Data under study START
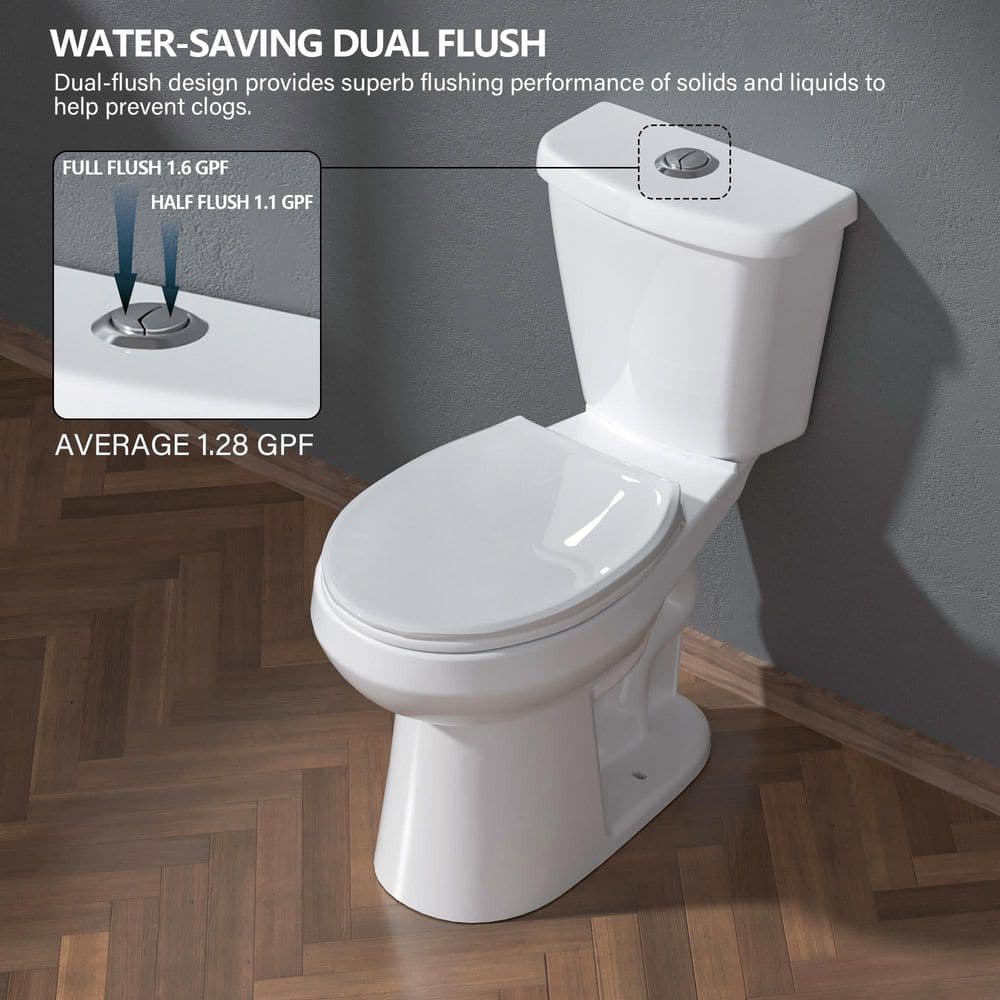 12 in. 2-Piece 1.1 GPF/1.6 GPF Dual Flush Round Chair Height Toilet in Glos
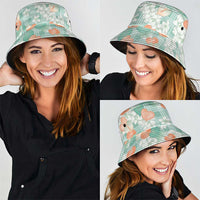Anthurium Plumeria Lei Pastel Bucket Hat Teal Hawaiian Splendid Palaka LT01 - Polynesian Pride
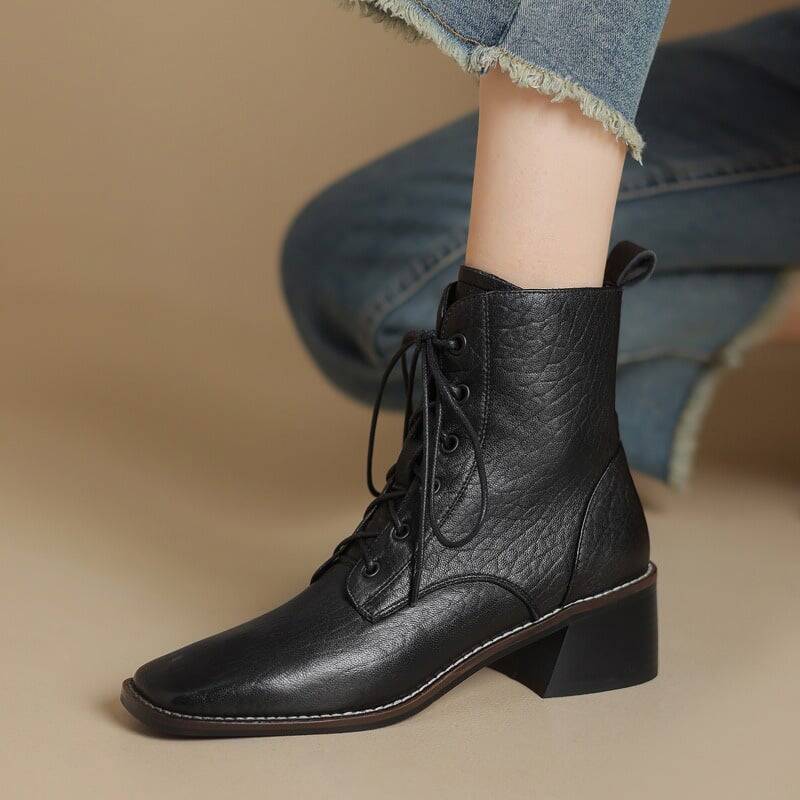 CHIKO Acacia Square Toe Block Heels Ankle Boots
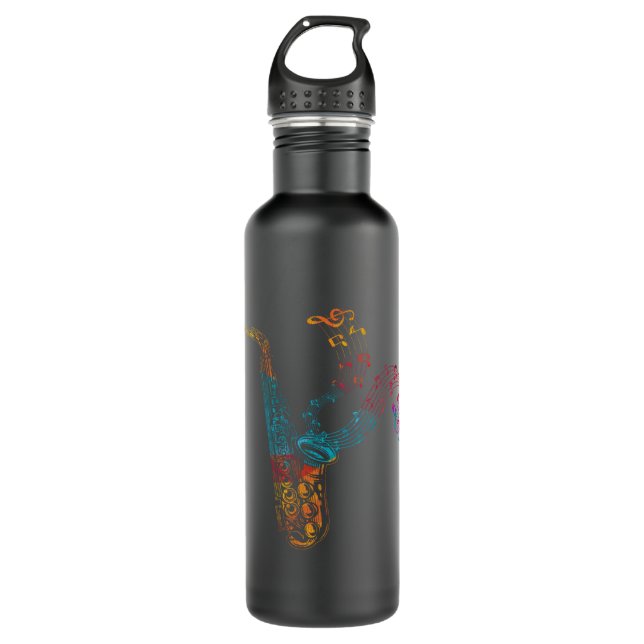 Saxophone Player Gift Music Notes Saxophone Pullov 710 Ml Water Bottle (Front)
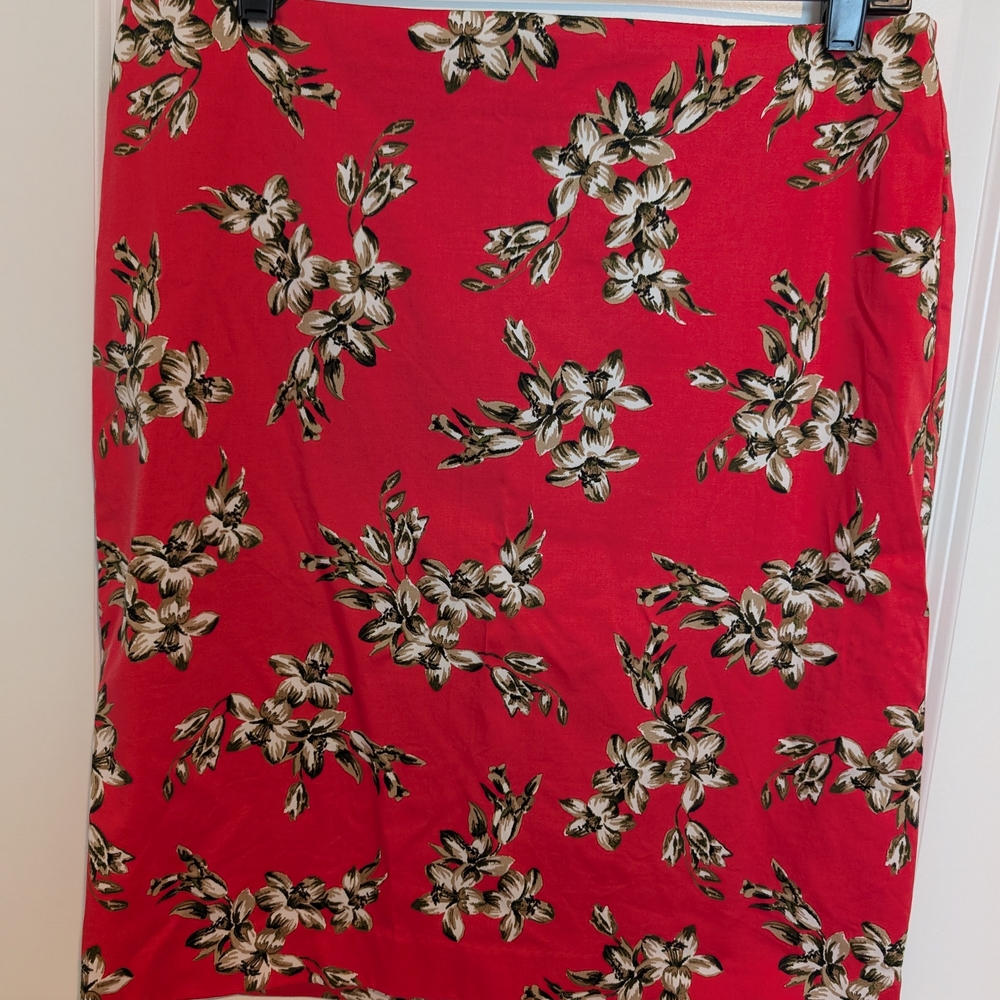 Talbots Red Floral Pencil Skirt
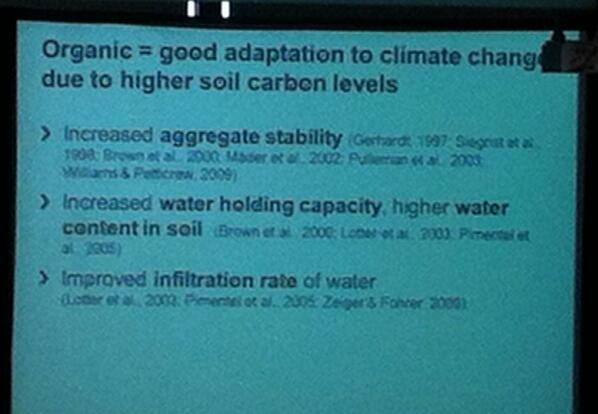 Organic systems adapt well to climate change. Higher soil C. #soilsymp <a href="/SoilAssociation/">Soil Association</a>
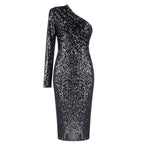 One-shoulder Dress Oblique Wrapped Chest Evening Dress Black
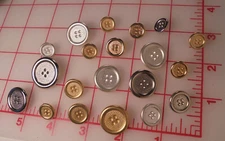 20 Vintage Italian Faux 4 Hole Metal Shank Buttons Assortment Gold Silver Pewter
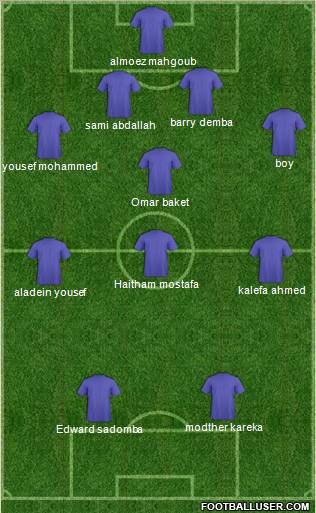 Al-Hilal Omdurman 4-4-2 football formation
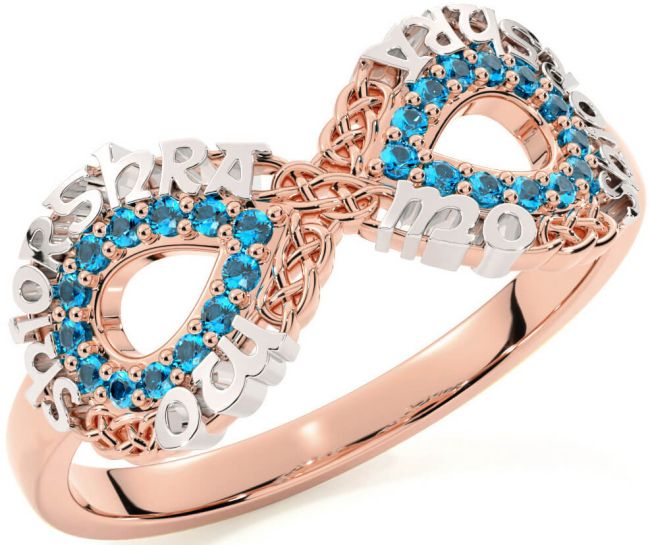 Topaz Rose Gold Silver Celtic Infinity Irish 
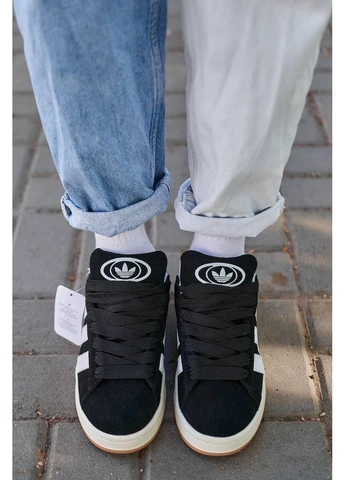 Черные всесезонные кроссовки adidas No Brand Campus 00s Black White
Data under study END
**Task requirements**:
Write out exactly the lines beginning with the line that holds "Al-Hilal Omdurman 4-4-2 football formation" and ending with the final line of the data, both ends included, without the pictures.

**Answer to the problem**:
 Al-Hilal Omdurman 4-4-2 football formation
 Topaz Rose Gold Silver Celtic Infinity Irish 
 Черные всесезонные кроссовки adidas No Brand Campus 00s Black White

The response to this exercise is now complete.